Phase 2: Enrichment, Packaging and Automatization. In the second phase, two goals were posed: (i) enrich the first version of the iLastic Linked Data with knowledge extracted from the publications’ content, and (ii) automate the Linked Data generation workflow to systematically generate Linked Data from the iMinds data warehouse, enrich them and publish them altogether. The complete workflow is now executed in the beginning of each month. In this phase, we packaged the solution, so other research institutes only need to configure their own rules for their data and repositories to generate their own Linked Data.

4 The iLastic Model

The iLastic dataset consists of data that describe (i) people, (ii) publications, (iii) projects and (iv) organizations. More details follow in this section about each type of entity, as well as challenges we had to deal with for the first two.

4.1 People

The iLastic dataset consists of data regarding people who work for iMinds, but not exclusively. They might be researchers, who belong to one of the iMinds labs and were authors of publications. Besides researchers affiliated with iMinds, many more people might appear in the iMinds data warehouse, even though they do not belong in any of the iMinds labs, thus they are not iMinds personnel but they co-authored one or more papers with one or more researchers from iMinds.

People are associated with their publications, their organizations, and, on rare occasions, with the projects they are involved in if their role is known, for instance if they are the project or research leads or the contact persons.

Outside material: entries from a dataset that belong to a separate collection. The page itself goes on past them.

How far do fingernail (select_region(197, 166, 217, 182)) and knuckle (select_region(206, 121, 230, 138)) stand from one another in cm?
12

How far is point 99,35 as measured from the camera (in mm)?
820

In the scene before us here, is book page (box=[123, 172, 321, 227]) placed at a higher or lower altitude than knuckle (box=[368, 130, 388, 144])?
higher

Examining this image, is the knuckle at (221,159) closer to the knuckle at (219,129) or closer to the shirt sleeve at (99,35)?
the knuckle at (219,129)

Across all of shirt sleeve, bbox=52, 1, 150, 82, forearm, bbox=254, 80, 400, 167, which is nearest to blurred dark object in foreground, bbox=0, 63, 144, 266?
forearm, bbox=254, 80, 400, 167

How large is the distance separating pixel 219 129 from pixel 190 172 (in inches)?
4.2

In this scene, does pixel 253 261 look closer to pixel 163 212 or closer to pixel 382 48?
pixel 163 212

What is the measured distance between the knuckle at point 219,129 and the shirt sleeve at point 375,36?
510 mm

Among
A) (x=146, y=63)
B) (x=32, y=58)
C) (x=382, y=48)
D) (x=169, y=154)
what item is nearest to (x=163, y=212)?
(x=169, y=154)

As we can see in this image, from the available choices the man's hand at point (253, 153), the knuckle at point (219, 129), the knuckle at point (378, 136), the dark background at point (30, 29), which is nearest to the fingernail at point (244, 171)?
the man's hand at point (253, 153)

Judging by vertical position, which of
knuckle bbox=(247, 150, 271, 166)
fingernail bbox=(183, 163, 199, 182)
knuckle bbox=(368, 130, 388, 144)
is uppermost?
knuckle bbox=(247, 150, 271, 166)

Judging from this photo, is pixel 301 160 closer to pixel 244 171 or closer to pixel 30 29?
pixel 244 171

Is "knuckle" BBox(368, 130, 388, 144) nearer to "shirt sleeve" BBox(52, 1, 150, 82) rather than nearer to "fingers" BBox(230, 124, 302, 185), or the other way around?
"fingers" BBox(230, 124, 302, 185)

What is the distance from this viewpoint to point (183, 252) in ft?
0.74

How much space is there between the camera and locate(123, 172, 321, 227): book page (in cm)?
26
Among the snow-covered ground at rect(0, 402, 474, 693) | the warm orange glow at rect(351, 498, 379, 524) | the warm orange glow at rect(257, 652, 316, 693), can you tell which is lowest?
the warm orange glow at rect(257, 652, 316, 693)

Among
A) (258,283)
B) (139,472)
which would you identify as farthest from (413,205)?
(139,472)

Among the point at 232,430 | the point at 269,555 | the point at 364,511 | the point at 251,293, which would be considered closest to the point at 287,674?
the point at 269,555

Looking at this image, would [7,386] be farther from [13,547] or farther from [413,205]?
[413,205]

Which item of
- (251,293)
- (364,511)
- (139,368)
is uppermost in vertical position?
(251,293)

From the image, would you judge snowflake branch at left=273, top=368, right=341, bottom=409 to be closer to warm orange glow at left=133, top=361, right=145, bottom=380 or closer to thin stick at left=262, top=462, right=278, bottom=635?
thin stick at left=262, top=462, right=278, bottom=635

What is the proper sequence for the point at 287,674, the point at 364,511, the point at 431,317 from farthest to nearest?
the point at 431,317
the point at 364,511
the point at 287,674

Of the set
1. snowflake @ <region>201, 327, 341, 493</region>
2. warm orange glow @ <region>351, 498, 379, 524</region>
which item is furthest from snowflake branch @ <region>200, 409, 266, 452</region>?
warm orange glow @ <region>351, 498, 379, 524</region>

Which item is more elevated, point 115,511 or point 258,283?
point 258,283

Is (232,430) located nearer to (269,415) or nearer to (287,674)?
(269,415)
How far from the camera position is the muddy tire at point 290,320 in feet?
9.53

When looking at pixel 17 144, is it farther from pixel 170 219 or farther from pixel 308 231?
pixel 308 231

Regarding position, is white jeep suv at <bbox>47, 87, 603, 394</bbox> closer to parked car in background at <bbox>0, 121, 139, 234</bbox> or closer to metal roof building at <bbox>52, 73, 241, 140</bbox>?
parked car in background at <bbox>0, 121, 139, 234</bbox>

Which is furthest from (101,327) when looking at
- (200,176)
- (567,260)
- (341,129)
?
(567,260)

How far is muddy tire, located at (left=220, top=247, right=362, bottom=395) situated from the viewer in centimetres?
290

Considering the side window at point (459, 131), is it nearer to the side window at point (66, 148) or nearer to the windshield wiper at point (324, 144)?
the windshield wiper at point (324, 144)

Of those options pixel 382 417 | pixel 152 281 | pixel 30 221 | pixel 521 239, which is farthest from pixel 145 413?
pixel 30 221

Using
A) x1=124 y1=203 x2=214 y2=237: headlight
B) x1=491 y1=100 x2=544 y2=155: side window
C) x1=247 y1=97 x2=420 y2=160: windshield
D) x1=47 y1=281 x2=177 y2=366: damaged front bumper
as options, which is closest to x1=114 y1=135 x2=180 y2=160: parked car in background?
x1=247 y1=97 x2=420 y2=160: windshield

Challenges. iMinds personnel is identified with a unique identifier which the CRM system assigns to each person. However, researchers, who are co-authors in publications and do not belong to any of the iMinds labs, are not assigned such a unique identifier, as they are not iMinds personnel.

Therefore, there were three major challenges that we needed to address: (i) distinguish iMinds researchers from non-iMinds researchers; and (ii) among the non-iMinds researchers, identify the same person appearing in the dataset multiple times, being only aware of the researchers name (and on certain occasions their affiliation). Besides the data from the iMinds data warehouse, integrating information extracted from the papers’ content required us to deal with one more challenge: (iii) associate authors extracted from the publications’ content with the people that appear in the iMinds data warehouse.

4.2 Publications

The iLastic dataset also includes information regarding publications published by researchers when, at least one of the co-authors, is an iMinds researcher. As with iMinds researchers, each publication that is registered in iMinds data warehouse is assigned a unique identifier. Nevertheless, even though the iMinds data warehouse includes some information regarding publications, it refers mainly to metadata, such as the title, authors publication date or category. There is no information regarding the actual content of publications. To enrich the information regarding publications, we considered integrating data from complementary repositories, namely universities’ repositories, such as Ghent University Academic Bibliography digital repositoryFootnote 23 or the digital repository for KU Leuven Association researchFootnote 24. These repositories also provide the pdf file of open access publications which can be parsed and analyzed to derive more information.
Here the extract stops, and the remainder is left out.